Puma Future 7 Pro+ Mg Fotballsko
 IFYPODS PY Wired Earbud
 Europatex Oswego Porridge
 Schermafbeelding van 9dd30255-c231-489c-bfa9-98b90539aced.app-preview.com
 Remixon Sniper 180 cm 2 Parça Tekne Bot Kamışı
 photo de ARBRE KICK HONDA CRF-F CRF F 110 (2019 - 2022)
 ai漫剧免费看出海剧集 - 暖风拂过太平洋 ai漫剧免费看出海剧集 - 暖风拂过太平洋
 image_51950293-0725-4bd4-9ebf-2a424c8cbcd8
···
* _Your assignment_: Exact copies of the lines from the one with "ai漫剧免费看出海剧集 - 暖风拂过太平洋 ai漫剧免费看出海剧集 - 暖风拂过太平洋" through the final line of the listing should be returned, and no other lines.

* _Worked solution_:
 ai漫剧免费看出海剧集 - 暖风拂过太平洋 ai漫剧免费看出海剧集 - 暖风拂过太平洋
 image_51950293-0725-4bd4-9ebf-2a424c8cbcd8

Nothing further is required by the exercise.